Figures are in line with expectations
Costain continues to build confidence with first half results
- Despite a 12% drop in first half revenue, the group’s pre-tax profits rose 17% as group shifts toward technology
- The shares dropped back 1.5% in early trading but the 8% dividend rise should keep investors content
- We continue to recommend Costain as a long-term ‘buy’ for a medium risk balanced portfolio
Construction group Costain reported a 12% drop in first half revenue today, but underlying pre-tax profits rose 17% to £21.4m. That was due to an improvement in profit margins as the company is turning more to technology to deliver its services. A third of its staff are now in technology or consultancy roles and the company plans to open an enlarged technology centre. Costain says that’s in response to an increasing demand for integrated technology-related services from its customers. The order book stands at £3.7bn, of which 90% is repeat business, and the interim dividend was raised 8%.

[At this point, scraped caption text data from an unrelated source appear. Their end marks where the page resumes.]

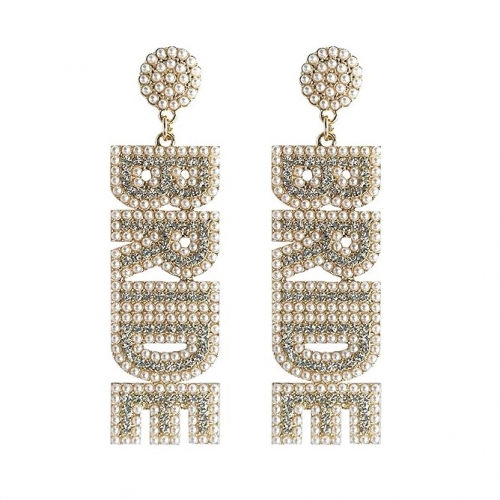 Golden Beads Earrings Bridal Party Gifts
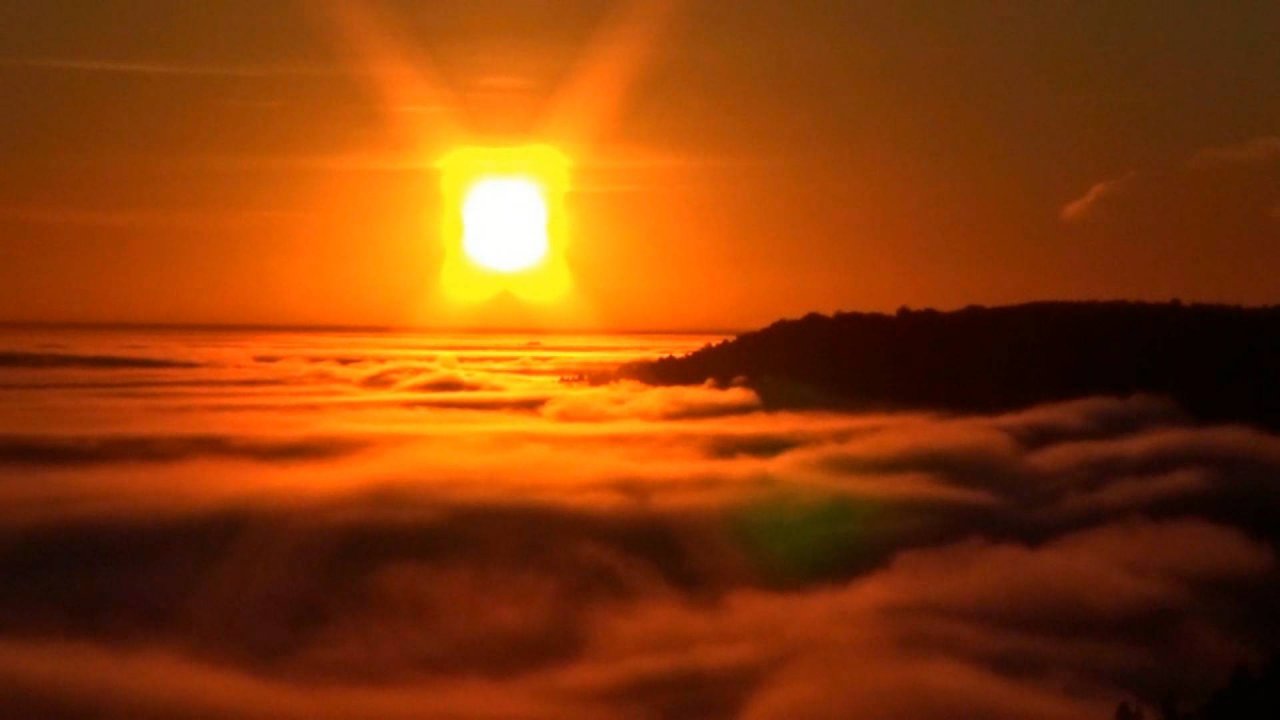 Осенний туман и восход солнца над Клязьмой 13.09.2025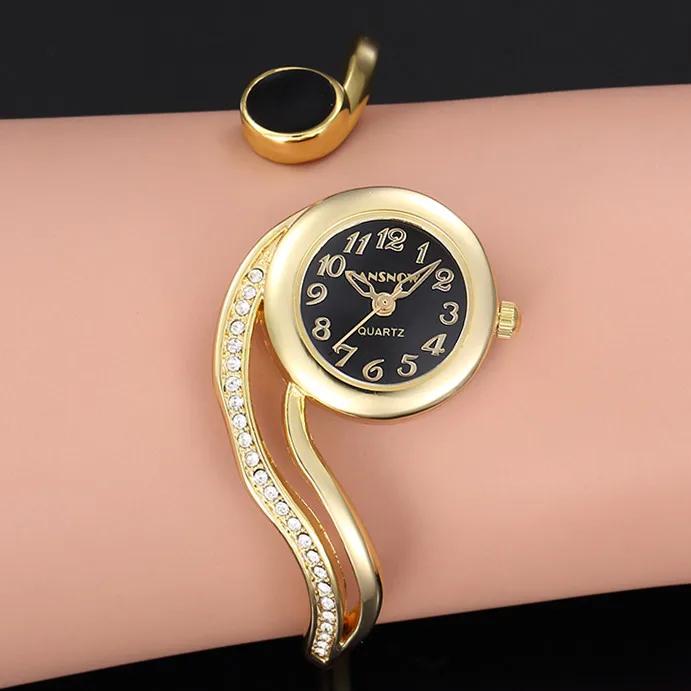 Women Stainless Steel Quartz Bracelet Wristwatch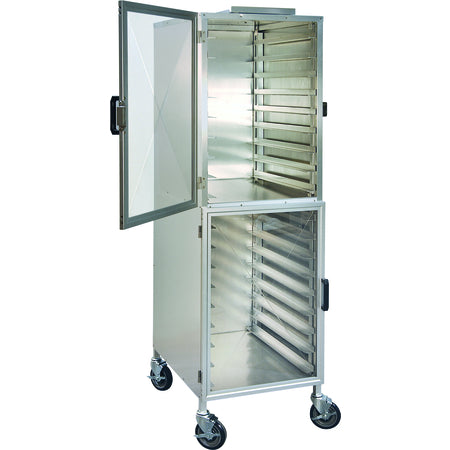 Carlisle DXPER18L Silver Aluminum Enclosed Rack Display Cabinet - Left-Hinged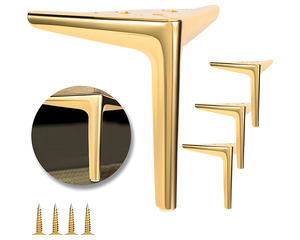 On Sale: 4Pcs Metal Furniture Legs 15cm-Gold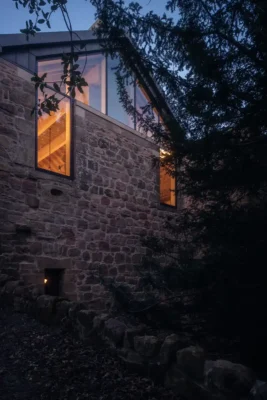 Rosslyn Castle building, Roslin Glen, Midlothian, Scotland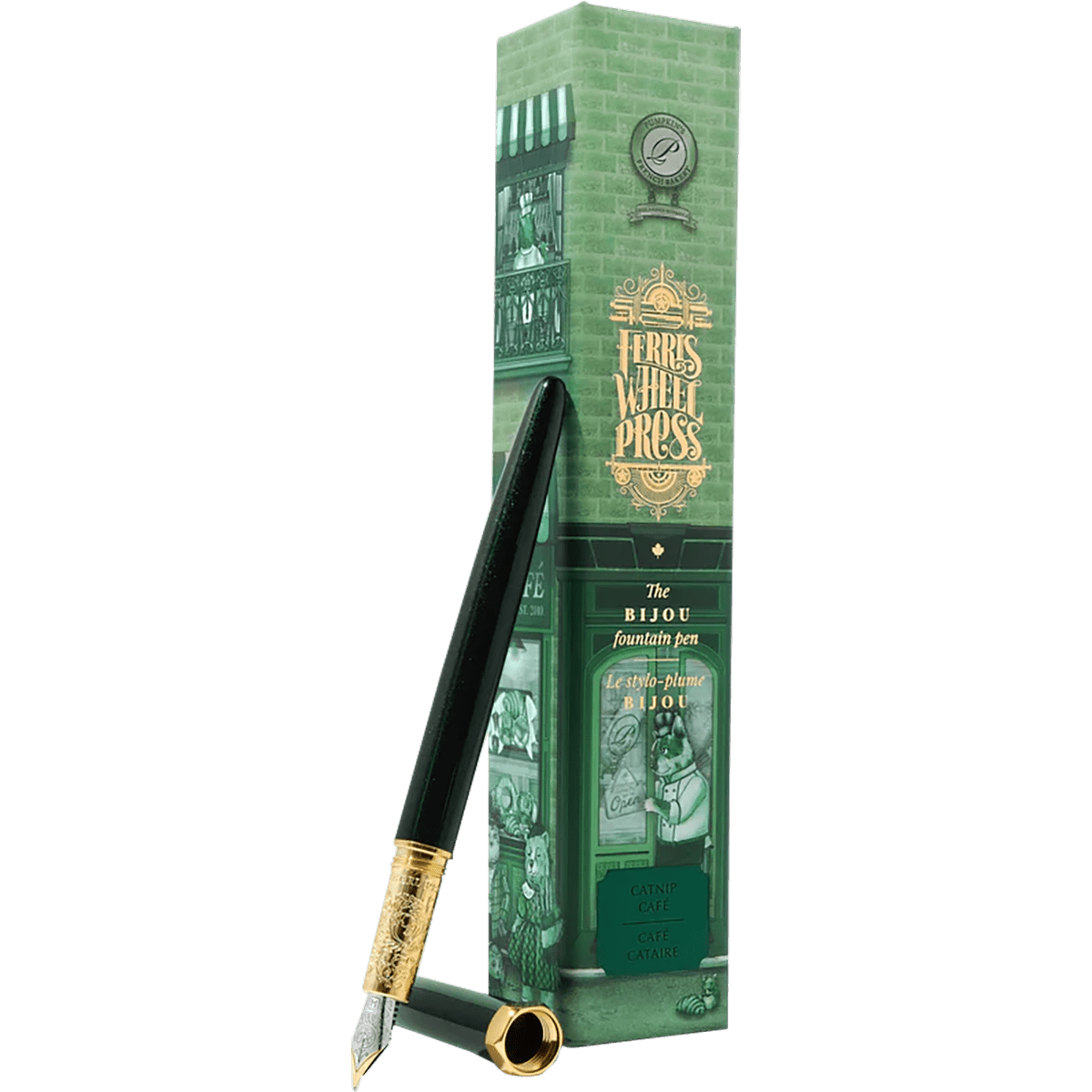 Ferris Wheel Press Bijou Fountain Pen - Catnip Cafe - Pen Boutique Ltd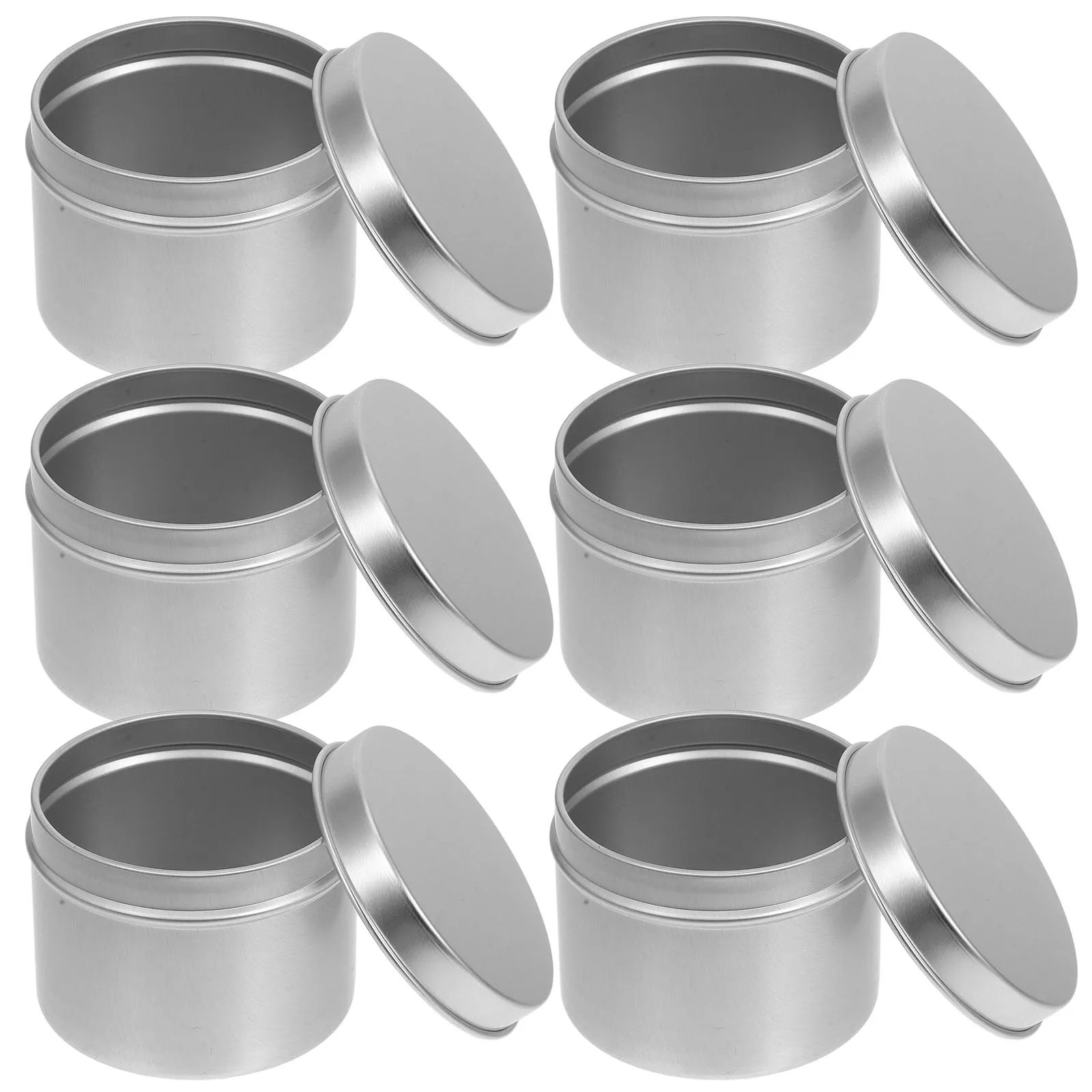 6pcs 100ml Tin Containers With Lids Silver Sealed Aluminum Jars Tins for Tea Coffee Storage DIY Candles Portable 
6pcs 100ml Tin Containers With Lids Silver Sealed Aluminum Jars Tins for Tea Coffee Storage DIY Candles Portable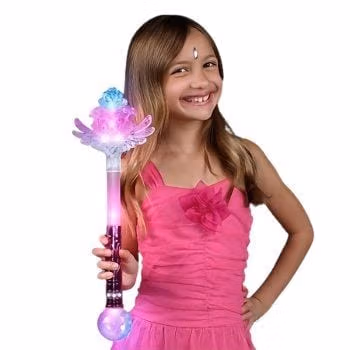 Magical Fairy Princess Winged Heart Wand All Products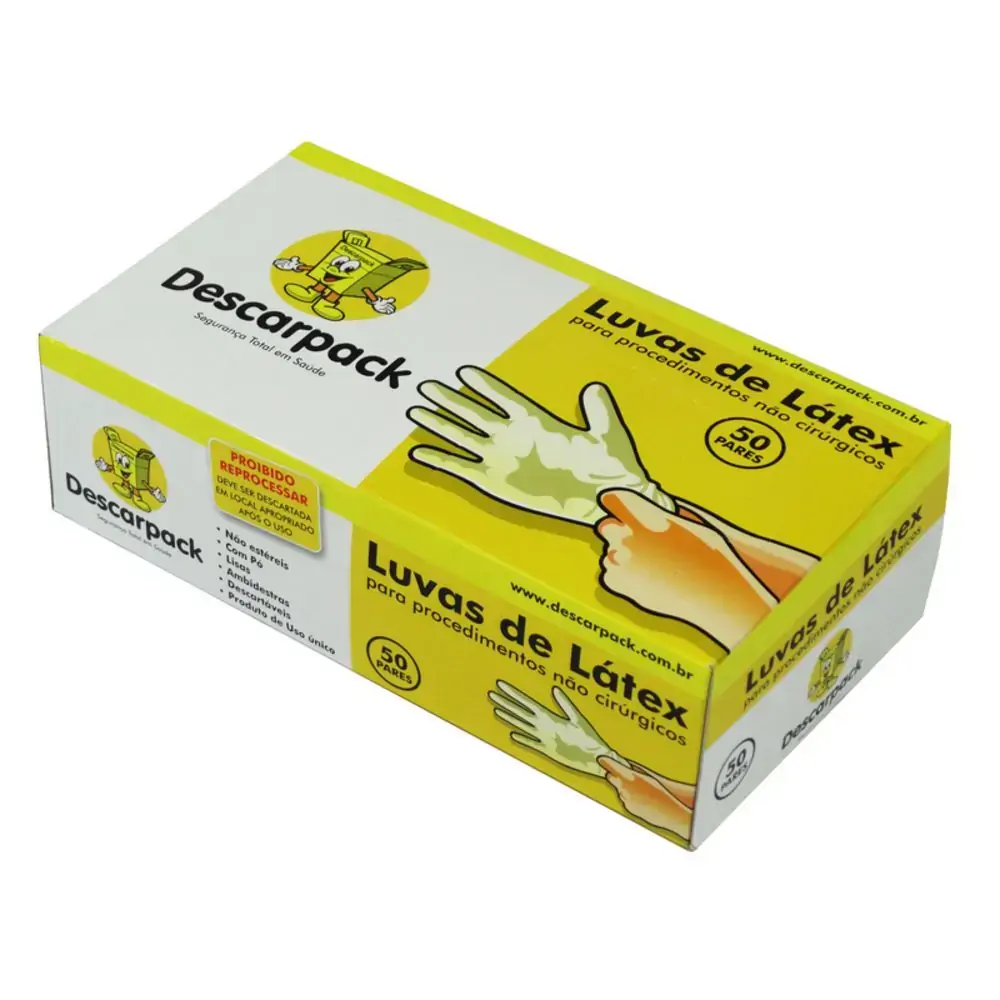 Luva Latex Descarpack Peq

Some in the market were possibly hoping for better news today judging by the fact that the shares dropped back 1.5% in early trading, but these are solid figures and the rise in profit margins is positive for investors. The company says it is on track to deliver full year figures in line with expectations and has already secured £1.4bn of full-year revenue, which provides some reassurance for investors in uncertain times. There is a general consensus across both main political parties that the UK’s infrastructure requires improvement and Costain looks set to be a beneficiary of this in future years. We continue to recommend the shares as a long-term buy for a medium risk balanced portfolio.